===== The data =====

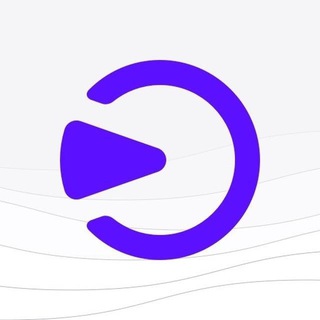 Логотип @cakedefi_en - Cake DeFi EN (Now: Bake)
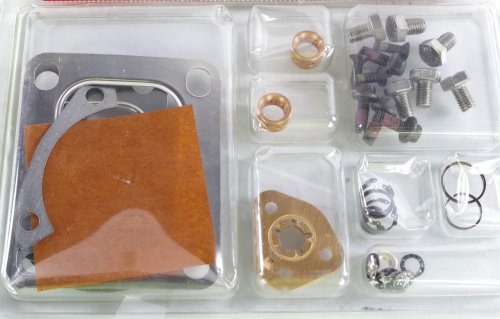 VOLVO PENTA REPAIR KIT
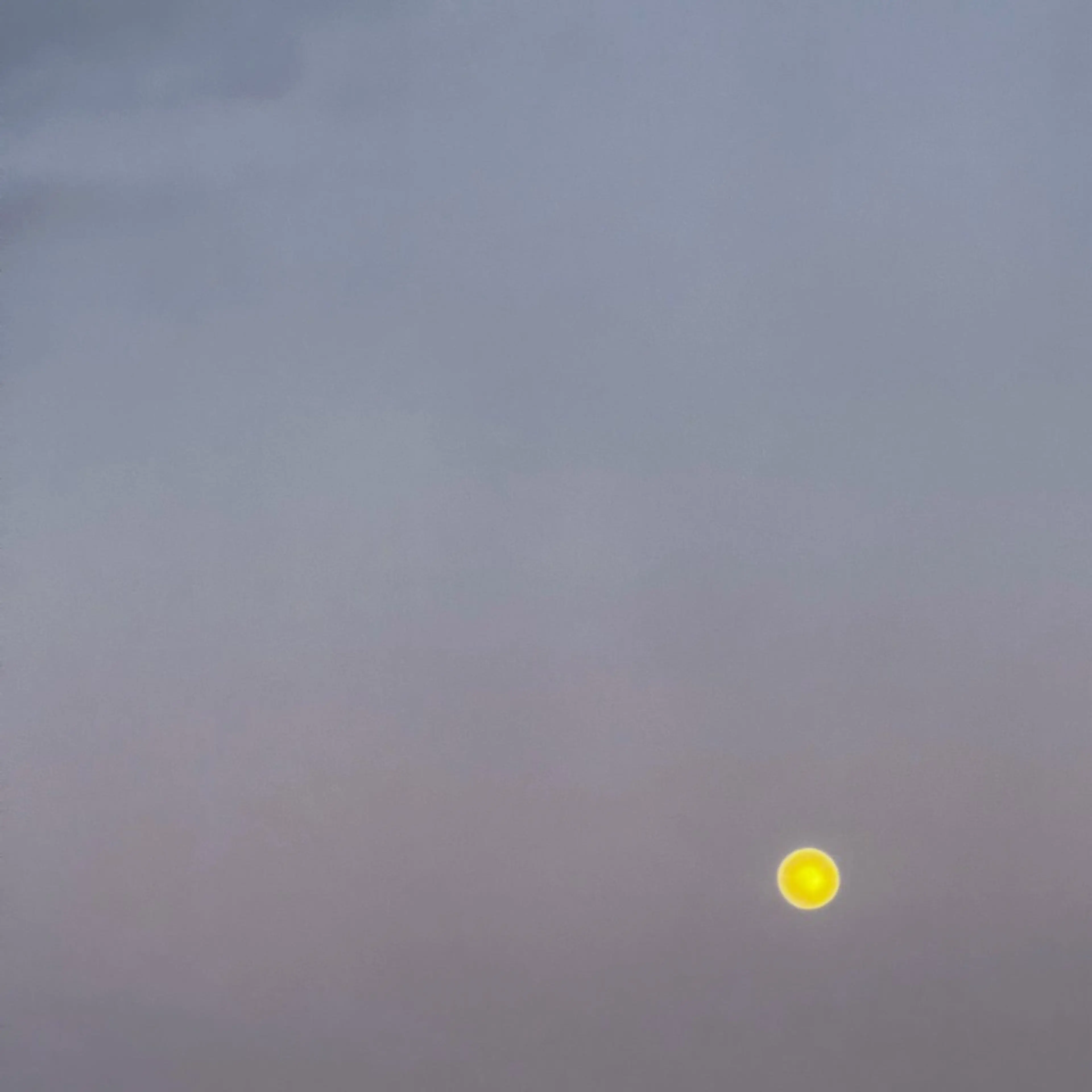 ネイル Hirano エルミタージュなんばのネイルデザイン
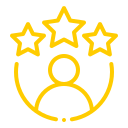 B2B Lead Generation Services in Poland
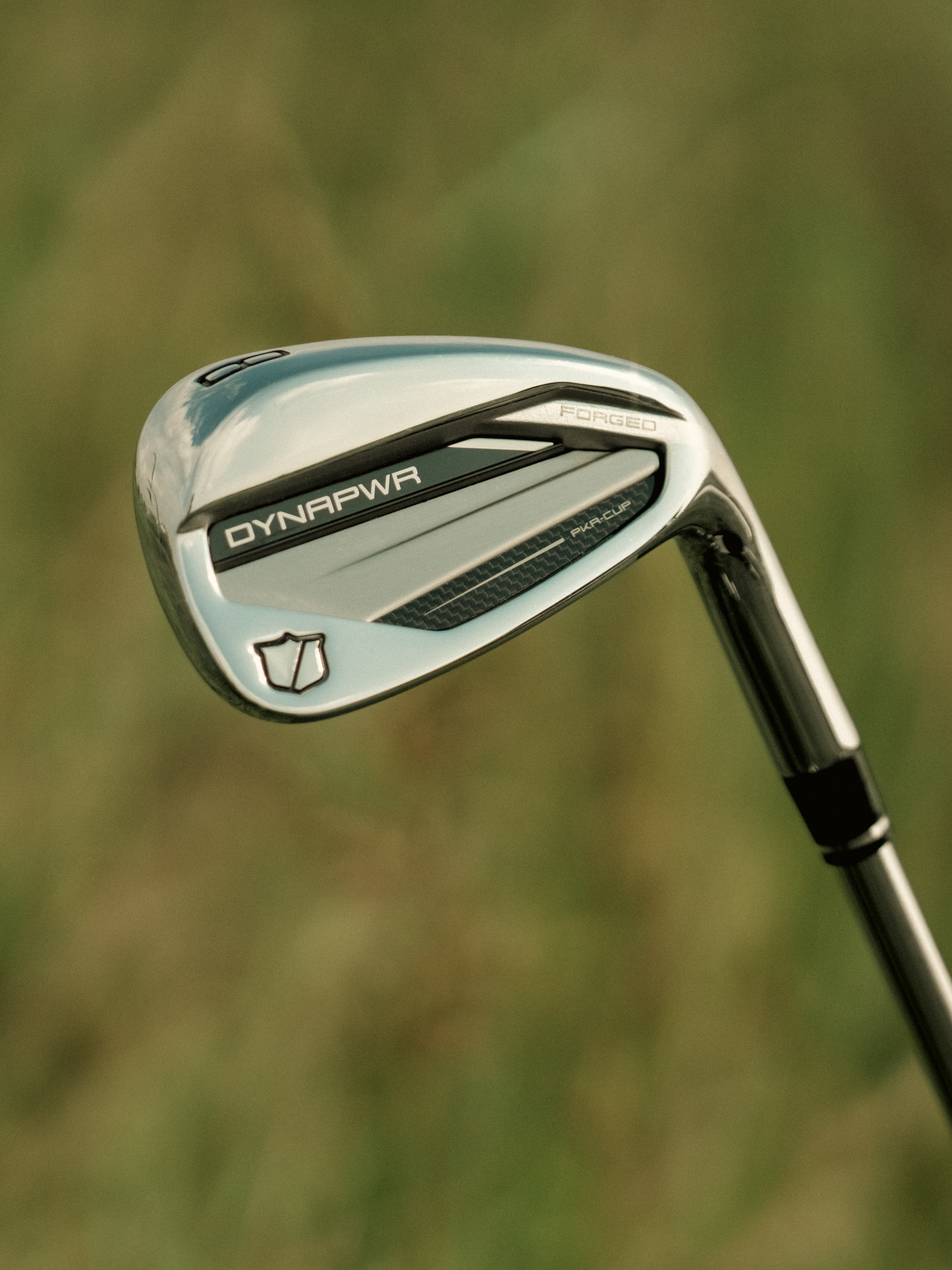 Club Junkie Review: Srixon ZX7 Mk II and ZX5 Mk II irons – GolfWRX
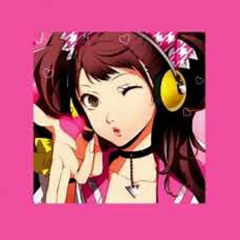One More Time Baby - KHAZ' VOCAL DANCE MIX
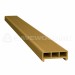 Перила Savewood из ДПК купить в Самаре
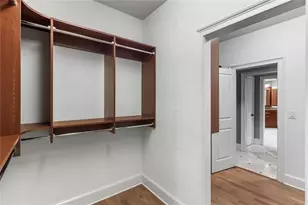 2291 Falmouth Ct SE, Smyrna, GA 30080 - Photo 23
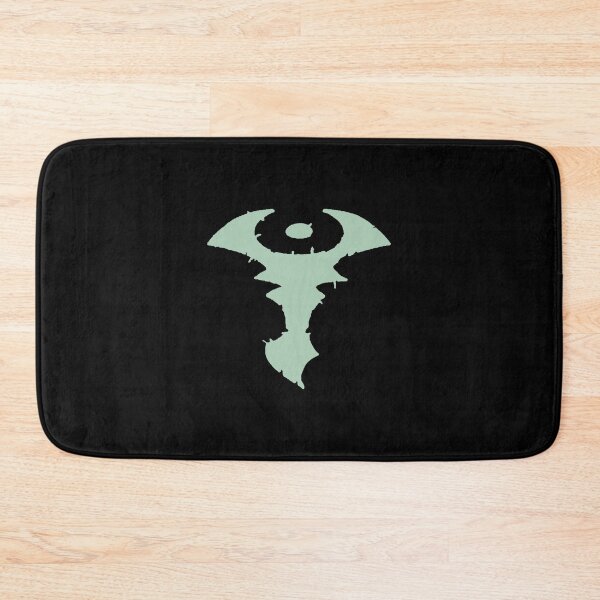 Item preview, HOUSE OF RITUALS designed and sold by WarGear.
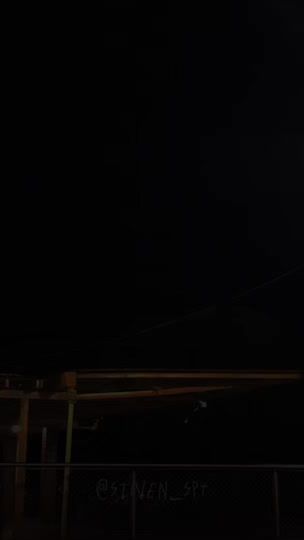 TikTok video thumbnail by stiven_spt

=====

» **Exercise requirements**
From the line that contains "B2B Lead Generation Services in Poland" down to the final line of the entries above, please copy each line exactly, excluding pictures.

» **Answer box**
 B2B Lead Generation Services in Poland
 Club Junkie Review: Srixon ZX7 Mk II and ZX5 Mk II irons – GolfWRX
One More Time Baby - KHAZ' VOCAL DANCE MIX
 Перила Savewood из ДПК купить в Самаре
 2291 Falmouth Ct SE, Smyrna, GA 30080 - Photo 23
 Item preview, HOUSE OF RITUALS designed and sold by WarGear.
 TikTok video thumbnail by stiven_spt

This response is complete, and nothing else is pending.